Monday, 17 March 2014

Kyle McGee's 'Bruno Latour: The Normativity of Networks'


I'm currently reading the above.  I had to order it on inter-library loan (all the way from Scotland; thanks University of Glasgow!) as it's only available in hardback and for an utterly stupid price.  I hope it comes out in paperback soon; it's really very good.

For a start it's easily the best introduction to Latour's work I've read.  It is right up to date, including a discussion of the modes of existence project but that's not its only quality – it's written with stunning clarity, has absolutely no wasted words and is just generally very fluid and readable while at the same time being impeccably precise.  It comes as no surprise that the author is a practicing lawyer as well as being a legal philosopher!

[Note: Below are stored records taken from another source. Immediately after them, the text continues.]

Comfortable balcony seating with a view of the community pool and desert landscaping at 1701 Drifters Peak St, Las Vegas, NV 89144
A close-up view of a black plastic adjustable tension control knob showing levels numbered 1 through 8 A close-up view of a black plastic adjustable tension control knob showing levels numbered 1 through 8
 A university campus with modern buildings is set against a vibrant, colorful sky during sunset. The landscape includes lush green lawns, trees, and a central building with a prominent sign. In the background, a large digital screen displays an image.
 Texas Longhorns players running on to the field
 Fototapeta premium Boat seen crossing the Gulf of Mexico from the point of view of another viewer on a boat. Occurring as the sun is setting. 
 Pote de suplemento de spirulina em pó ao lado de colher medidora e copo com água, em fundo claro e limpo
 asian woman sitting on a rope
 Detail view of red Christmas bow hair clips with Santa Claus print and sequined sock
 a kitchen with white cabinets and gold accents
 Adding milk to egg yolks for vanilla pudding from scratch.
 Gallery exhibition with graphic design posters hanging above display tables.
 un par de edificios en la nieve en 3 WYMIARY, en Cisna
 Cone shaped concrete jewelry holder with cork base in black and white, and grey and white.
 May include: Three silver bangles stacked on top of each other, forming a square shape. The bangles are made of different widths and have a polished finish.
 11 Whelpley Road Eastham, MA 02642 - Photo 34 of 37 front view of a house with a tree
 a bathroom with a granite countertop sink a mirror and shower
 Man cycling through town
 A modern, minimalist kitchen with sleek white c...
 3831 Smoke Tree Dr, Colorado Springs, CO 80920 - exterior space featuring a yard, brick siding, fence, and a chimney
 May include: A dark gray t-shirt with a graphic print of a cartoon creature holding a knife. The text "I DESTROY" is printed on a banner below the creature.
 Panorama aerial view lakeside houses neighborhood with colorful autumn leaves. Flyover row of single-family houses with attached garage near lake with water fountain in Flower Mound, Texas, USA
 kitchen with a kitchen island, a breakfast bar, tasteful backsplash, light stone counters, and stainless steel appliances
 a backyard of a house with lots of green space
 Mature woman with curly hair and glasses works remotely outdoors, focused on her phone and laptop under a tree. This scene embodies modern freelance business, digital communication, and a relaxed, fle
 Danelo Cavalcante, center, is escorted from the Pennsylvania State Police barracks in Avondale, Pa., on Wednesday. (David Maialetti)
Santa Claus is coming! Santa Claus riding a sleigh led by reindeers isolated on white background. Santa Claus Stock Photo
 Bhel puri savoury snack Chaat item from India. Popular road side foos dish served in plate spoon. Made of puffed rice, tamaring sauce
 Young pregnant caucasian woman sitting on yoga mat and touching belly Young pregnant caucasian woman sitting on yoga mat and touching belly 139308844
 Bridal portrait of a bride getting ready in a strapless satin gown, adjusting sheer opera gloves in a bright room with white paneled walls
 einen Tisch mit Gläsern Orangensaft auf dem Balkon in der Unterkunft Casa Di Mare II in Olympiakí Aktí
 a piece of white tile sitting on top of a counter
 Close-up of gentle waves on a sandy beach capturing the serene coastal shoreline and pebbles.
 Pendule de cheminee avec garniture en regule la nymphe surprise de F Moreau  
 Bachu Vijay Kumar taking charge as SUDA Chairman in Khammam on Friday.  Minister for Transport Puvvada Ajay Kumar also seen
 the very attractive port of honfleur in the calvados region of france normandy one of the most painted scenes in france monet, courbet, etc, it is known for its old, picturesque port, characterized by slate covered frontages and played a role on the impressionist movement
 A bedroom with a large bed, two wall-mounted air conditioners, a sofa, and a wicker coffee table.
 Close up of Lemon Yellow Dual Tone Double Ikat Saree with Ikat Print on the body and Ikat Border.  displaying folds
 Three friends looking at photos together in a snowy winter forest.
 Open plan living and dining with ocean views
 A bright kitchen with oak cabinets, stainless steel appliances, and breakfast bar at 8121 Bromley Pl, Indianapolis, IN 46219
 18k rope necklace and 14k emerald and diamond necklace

I'm yet to get deep into the philosophy of law part so I'll reserve judgement on that for now.  But, based on early impressions, I highly recommend it to anyone wanting an introduction to Latour's work in general and, of course, anyone interested in socio-legal studies or anything of the sort should get their hands on it if they possibly can.

There are three extracts from the book on the AIME website (registration required):
The co-presence of [pol] and [law]
The ontology of lawyer jokes
Legal reasoning as de-stratification

I may write a (somewhat) more substantial review when I've finished the book.